LOSS BEFORE BENEFIT FOR INCOME TAXES, AND CUMULATIVE EFFECT OF CHANGE IN
ACCOUNTING PRINCIPLE. The loss before income taxes and cumulative effect of
change in accounting principle in 2002 was $3.5 million, as compared to $4.7
million in 2001, and was comprised of the following:



YEARS ENDED
DECEMBER 31,
--------------------------------
2002 2001
---------- ---------
(IN THOUSANDS)

Construction Products Group $ 28,265 $ 29,315
Symons 27,076 31,324
Intersegment eliminations (11,032) (11,187)
Corporate, including interest expense (47,818) (54,105)
---------- ---------
Loss before benefit for income taxes, and cumulative
effect of change in accounting principle $ (3,509) $ (4,653)
========== =========


CPG's income before provision for income taxes of $28.3 million in 2002
decreased from $29.3 million in 2001, due to the unfavorable sales volume and
pricing. These were partially offset by the benefit of the cost reductions we
implemented, lower amortization expense with the adoption of SFAS No. 142, and
lower facility closing and severance expenses in 2002 compared to 2001.

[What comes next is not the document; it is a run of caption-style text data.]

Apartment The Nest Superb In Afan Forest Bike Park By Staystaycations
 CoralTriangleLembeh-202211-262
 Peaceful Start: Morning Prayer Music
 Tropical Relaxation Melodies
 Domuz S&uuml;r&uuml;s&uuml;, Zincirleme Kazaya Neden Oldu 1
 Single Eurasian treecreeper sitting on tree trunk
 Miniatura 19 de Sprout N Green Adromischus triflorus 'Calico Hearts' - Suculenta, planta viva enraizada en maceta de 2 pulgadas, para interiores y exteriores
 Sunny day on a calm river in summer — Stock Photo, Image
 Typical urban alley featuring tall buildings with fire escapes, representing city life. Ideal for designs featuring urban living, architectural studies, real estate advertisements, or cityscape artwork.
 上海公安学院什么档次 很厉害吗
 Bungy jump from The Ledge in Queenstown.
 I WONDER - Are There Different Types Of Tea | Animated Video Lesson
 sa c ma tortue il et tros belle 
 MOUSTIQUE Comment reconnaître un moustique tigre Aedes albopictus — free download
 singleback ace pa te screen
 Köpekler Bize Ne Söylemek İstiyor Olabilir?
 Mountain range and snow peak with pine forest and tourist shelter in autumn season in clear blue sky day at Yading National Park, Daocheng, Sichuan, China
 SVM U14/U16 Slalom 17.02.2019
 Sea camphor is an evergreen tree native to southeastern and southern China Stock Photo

Symons' income before income taxes was $27.1 million in 2002, compared to $31.3
million in 2001. This was due to the decreased sales volume, unfavorable pricing
and unfavorable mix of lower rental revenues due to weaker markets in 2002
compared to 2001. These were partially offset by the benefit of the cost
reduction initiatives we implemented, and the increased sales of higher gross
profit used rental fleet.

Corporate expenses decreased to $47.8 million, including interest expense of
$34.0 million, in 2002 from $54.1 million, including interest expense of $35.0
million, in 2001 due to lower facility closing and severance expenses, lower
interest expense as a result of lower interest rates, and the benefit of the
cost reduction initiatives we implemented.

Elimination of gross profit on intersegment sales decreased to $11.0 million in
2002 from $11.1 million in 2001 due to the mix of intersegment sales.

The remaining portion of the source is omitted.